Data items:
BEGIN

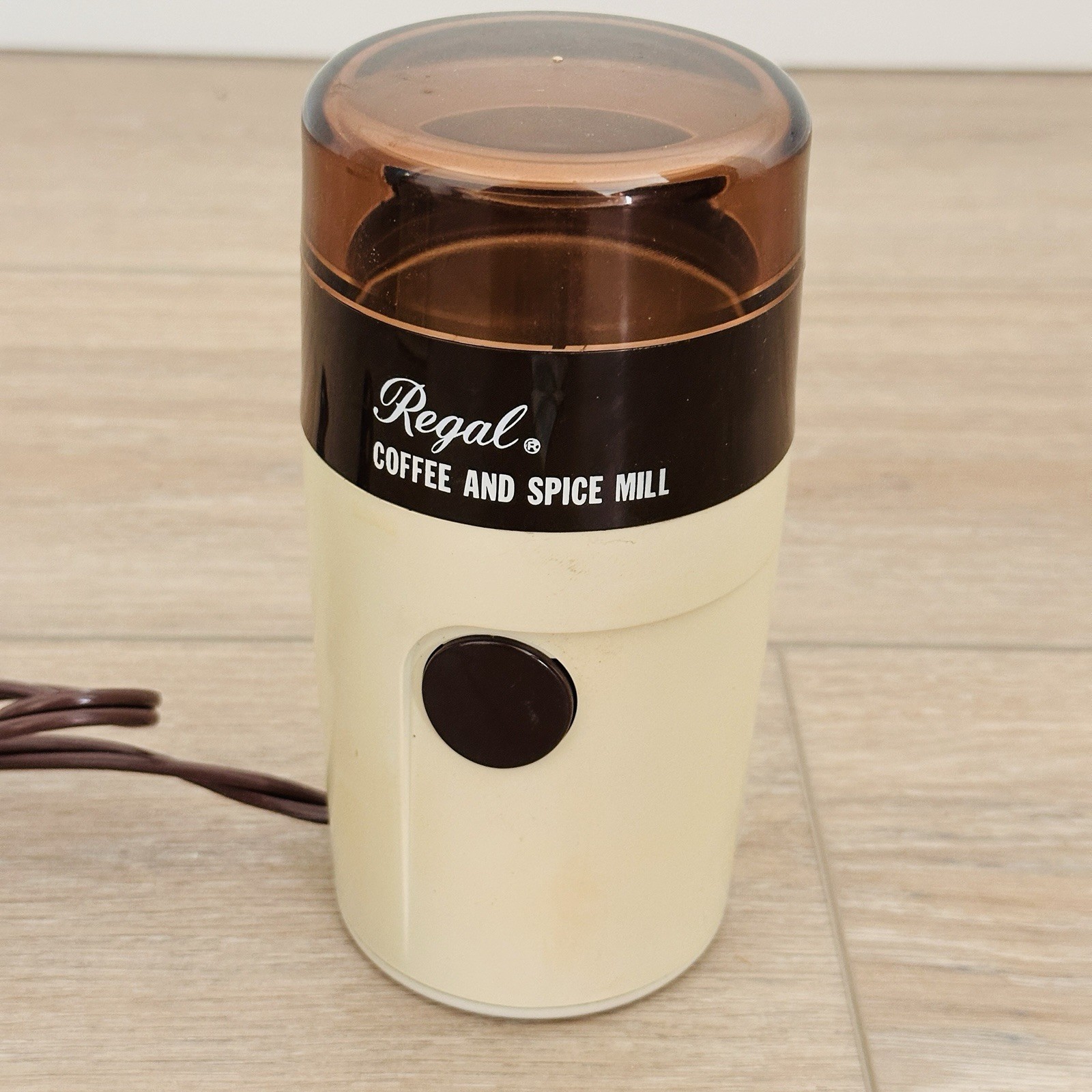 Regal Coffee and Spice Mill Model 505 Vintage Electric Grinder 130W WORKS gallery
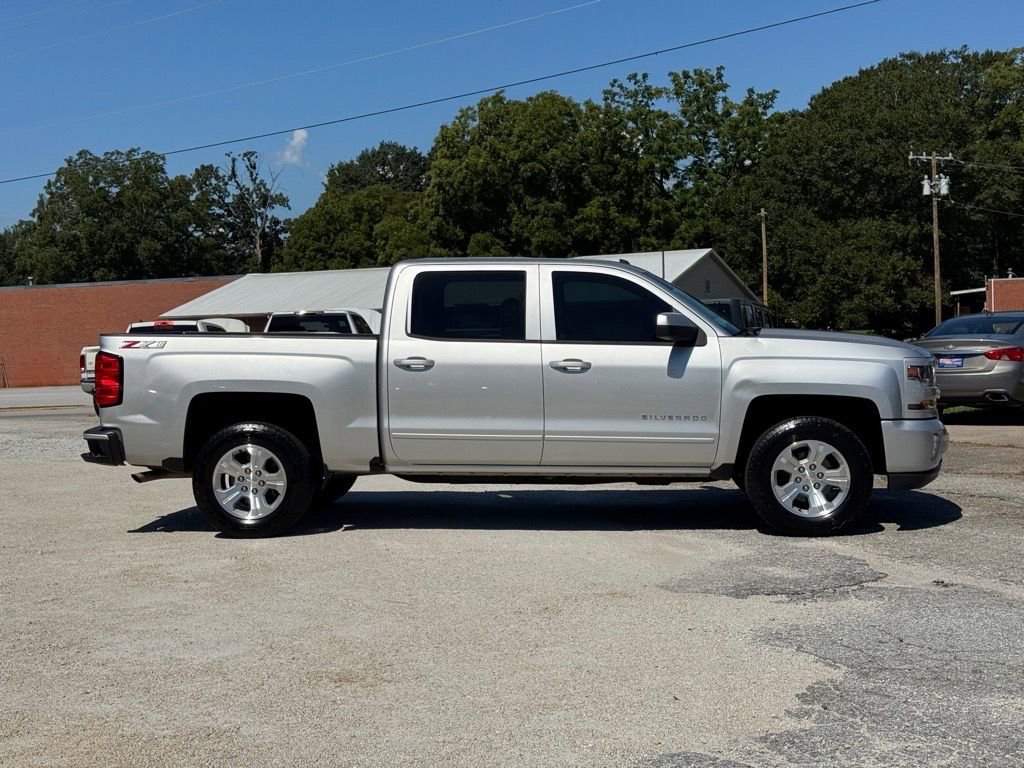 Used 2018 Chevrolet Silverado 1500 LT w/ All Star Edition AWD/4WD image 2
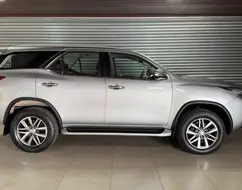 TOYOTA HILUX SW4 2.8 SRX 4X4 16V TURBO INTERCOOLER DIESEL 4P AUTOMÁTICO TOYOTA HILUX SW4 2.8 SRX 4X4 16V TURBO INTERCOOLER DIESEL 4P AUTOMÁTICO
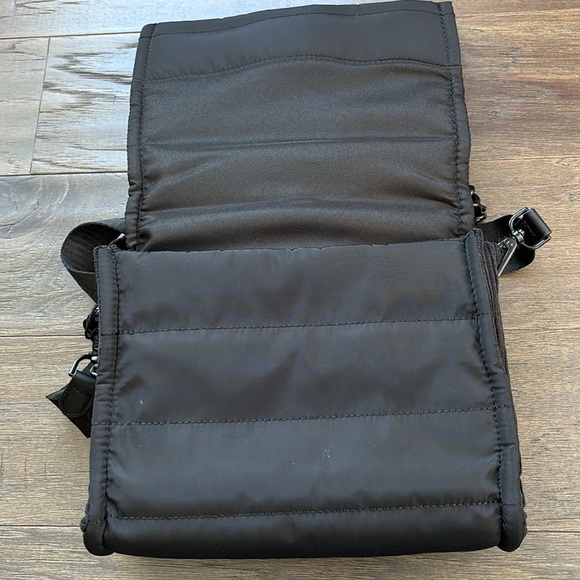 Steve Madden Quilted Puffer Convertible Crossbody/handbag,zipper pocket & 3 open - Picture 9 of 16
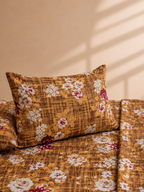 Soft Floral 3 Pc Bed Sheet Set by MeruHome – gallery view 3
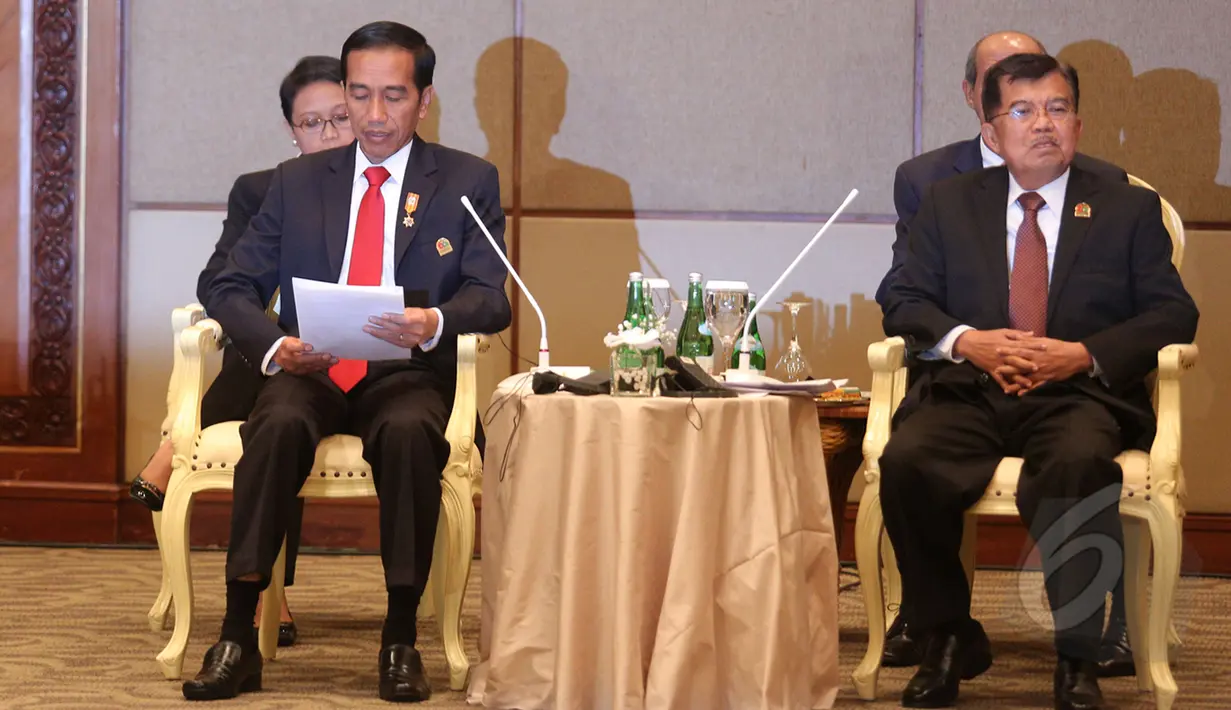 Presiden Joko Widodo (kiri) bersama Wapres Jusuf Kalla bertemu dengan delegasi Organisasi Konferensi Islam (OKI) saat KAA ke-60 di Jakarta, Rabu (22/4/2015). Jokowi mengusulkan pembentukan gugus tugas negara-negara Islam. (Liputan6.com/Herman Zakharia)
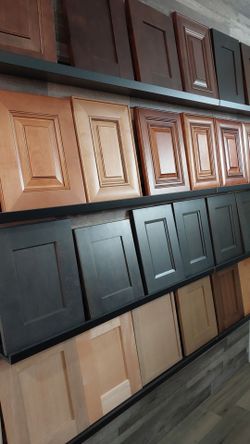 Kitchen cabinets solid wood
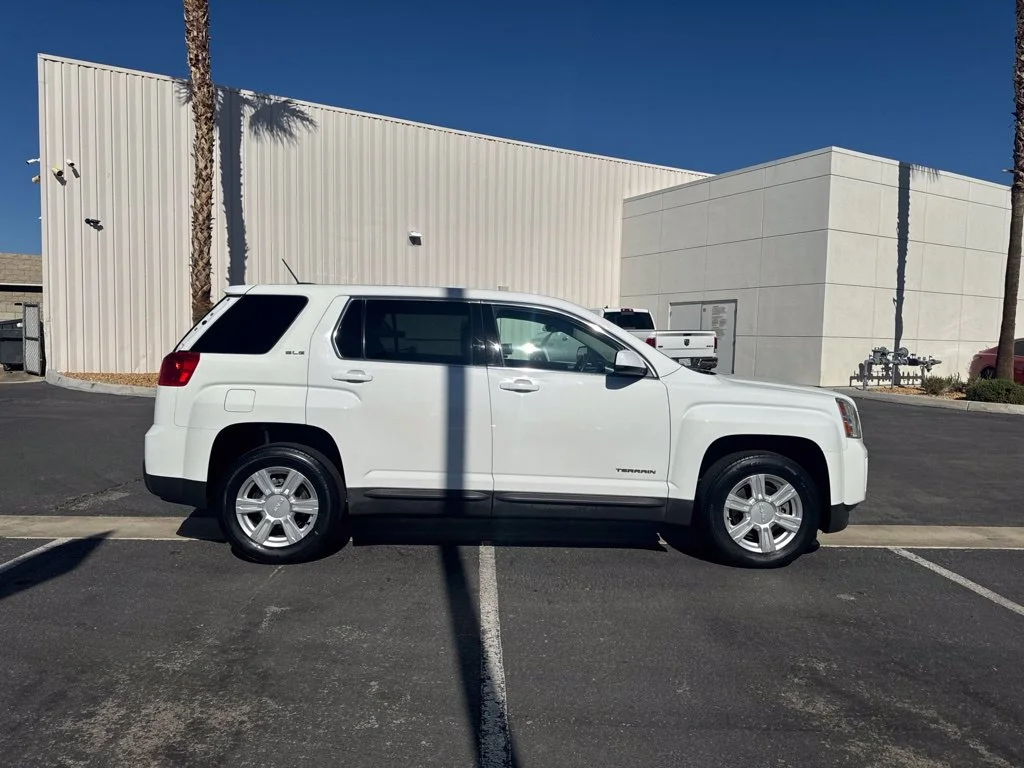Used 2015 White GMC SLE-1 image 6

END

### Description of the task
Give again, word for word, the lines above from the one with "Presiden Joko Widodo" through the final line of the data, both ends included. Do not copy any picture.

### Result of this task
 Presiden Joko Widodo (kiri) bersama Wapres Jusuf Kalla bertemu dengan delegasi Organisasi Konferensi Islam (OKI) saat KAA ke-60 di Jakarta, Rabu (22/4/2015). Jokowi mengusulkan pembentukan gugus tugas negara-negara Islam. (Liputan6.com/Herman Zakharia)
 Kitchen cabinets solid wood
Used 2015 White GMC SLE-1 image 6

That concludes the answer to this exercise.